In the case of the newly re-named Cormoran the solution to the problem of limited fuel capacity was to move the crew on to the deck and use the ship’s accommodation as extra coal bunkers. By this means Zuckschwerdt gave his ship an additional 16,000 kilometre range. He sailed out of Tsingtao on 10 August 1914. Four months later he and his crew were to be interned by the Americans at Guam, but a great deal would happen to the Cormoran before then.

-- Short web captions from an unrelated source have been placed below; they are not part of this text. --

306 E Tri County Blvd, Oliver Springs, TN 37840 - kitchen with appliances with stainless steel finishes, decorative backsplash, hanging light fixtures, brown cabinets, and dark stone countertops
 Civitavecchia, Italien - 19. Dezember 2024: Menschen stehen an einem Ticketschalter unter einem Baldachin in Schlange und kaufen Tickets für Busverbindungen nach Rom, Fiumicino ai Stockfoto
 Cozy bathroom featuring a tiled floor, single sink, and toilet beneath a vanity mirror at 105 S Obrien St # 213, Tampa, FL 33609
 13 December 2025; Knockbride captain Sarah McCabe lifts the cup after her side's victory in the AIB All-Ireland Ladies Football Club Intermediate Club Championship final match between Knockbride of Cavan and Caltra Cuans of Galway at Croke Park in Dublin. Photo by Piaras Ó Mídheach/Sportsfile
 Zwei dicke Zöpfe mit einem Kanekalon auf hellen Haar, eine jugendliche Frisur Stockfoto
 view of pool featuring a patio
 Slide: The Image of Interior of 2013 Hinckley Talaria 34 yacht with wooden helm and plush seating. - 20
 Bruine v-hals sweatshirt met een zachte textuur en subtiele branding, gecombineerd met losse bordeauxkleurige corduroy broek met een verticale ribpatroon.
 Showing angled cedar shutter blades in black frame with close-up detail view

Meanwhile the might of the British Empire was preparing to expel Germany once and for all from the Pacific. She had not been wanted there in the first place. To the British and Germans the Pacific was a sideshow at a time of momentous events on the European continent. Indeed, many histories of World War I scarcely mention the events taking place so far away from London, Paris, Berlin and St Petersburg. The Germans and the British knew that the question of naval supremacy would be settled in the North Sea and the Atlantic Ocean. The wider questions of strategy and planning will be dealt with in the next chapter, but it is clear from contemporary accounts that the people of Australia and New Zealand had a considerable fear of a German presence in the Pacific Ocean. There had been a number of Russian ‘scares’ in the late nineteenth century and, particularly in New Zealand, defensive installations had been undertaken at some harbours in anticipation of the Tsar’s warships suddenly appearing on the horizon. Australia was not quite so hysterical: in 1909 the Australian government noted that the term ‘defended port’ was an empty one, those ports so designated (Sydney, Adelaide, Newcastle, Port Phillip, for example) either had no guns, or if they did, had no trained gunnery officers, searchlights for night firing or supplies for the crews.

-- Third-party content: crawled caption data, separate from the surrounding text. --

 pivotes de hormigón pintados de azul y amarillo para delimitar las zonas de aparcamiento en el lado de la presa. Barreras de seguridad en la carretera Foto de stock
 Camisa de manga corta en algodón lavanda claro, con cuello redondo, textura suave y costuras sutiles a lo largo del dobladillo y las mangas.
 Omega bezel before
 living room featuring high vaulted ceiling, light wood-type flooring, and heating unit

But by the outbreak of war, the scare was really on in both countries. On 10 August, the New Zealand Herald reported the Australians were worried about ‘the great naval base of Simpsonhafen (now Rabaul) in Kaiser Wilhelm land (now part of Papua New Guinea) which had allegedly been built at a cost of ‘thousands of pounds’. The newspaper which, despite hostilities, was still printing daily summaries of local shipping movements, warned that the German naval base had been built under the guise of mercantile expansion within striking distance of the Torres Strait, where all the shipping routes between Australia and the Far East converged. It reported that the wharf at Simpsonhafen was 300 metres long with spacious warehouses worth £40,000; if these had existed, this imaginary wharf would have been longer than any other in Australasia and equal to the needs of a city of 100,000 people. The report of this ‘great naval base’ would have been news to the Imperial German Navy, too.

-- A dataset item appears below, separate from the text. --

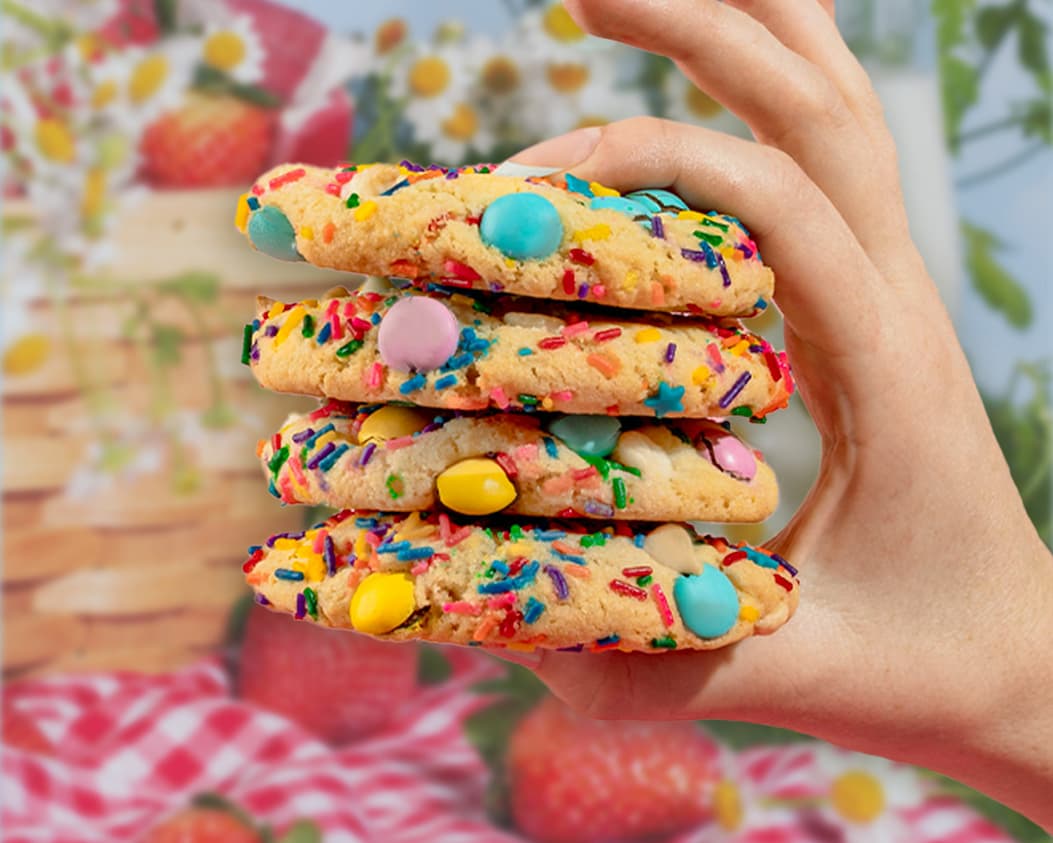 A hand holding a stack of delicious looking baking confetti cookies at a picnic.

At the outbreak of war, the East Asiatic Squadron faced a superior British and Allied presence and the squadron commander, Vice-Admiral Maximilian Count von Spee, knew that only too well. Apart from the Russian fleet at Vladivostok and the two French cruisers, Dupleix and Montcalm, there was the British China squadron based at Weihaiwei and Hong Kong, the East Indies station at Colombo, and the Australian squadron.